>> we have a strange problem here after the installation of a new kernel:
>> incoming jobs are submitted several times to the batch system.
>>
>> A job is accepted by the gatekeeper and submitted to our torque.
>> Immediatly after the submission the job is again submitted and so on
>> untill there are 11 torque jobs.
>>
>> Another strange thing is that even if these 11 jobs are still waiting to
>> be executed in torque (as the queues are full) WMS tells me that they
>> were aborted. So it seems to me they somehow fail at once and thus are
>> resubmitted by WMS.
>
> The evidence simply suggests that each job immediately fails,
> i.e. before the user payload gets started.
> By default the WMS will do up to 10 shallow resubmissions then.
Indeed, in /opt/edg/var/gatekeeper/grid-jobmap_20091221 the WMS job ID
appears 11 times, confirming the job was resubmitted 10 times.
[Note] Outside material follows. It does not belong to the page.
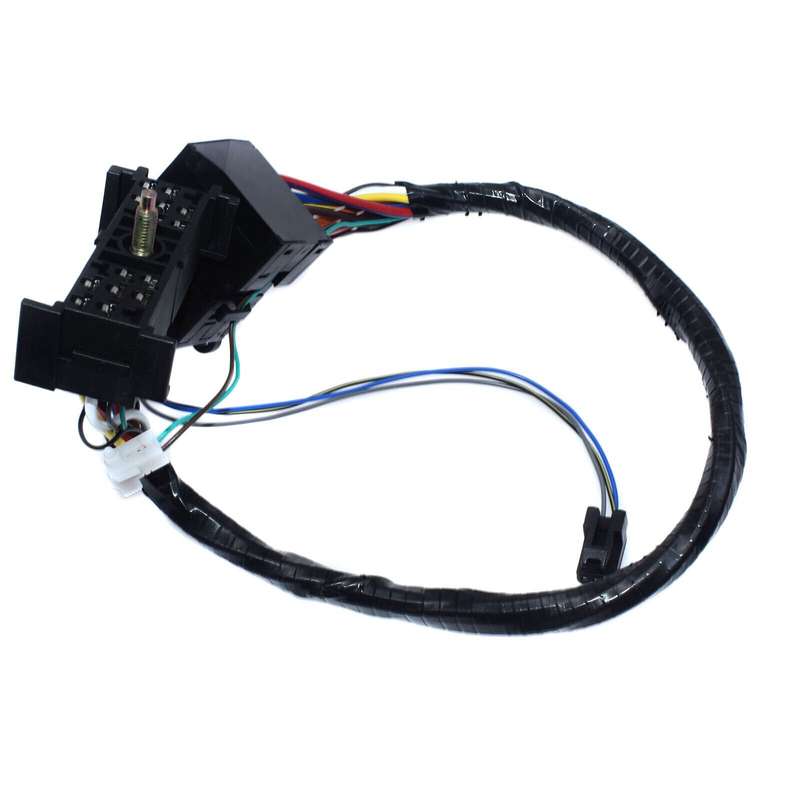 Ignition Switch For Chevrolet Express 1500 P30 S10 GMC Savana 3500 26061329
On the CE the job submission e.g. for "ops" does not work:
bash-3.00$ echo date | qsub -q gridexpr_scli
2961328.service0-ib0.ice.zih.tu-dresden.de
bash-3.00$ qstat -f 2961328.service0-ib0.ice.zih.tu-dresden.de
qstat: Unknown Job Id 2961328.service0.ice.zih.tu-dresden.de
Note the slight difference in the job ID returned by qstat:
service0-ib0 --> service0
I suspect your network configuration got screwed by the kernel upgrade.
|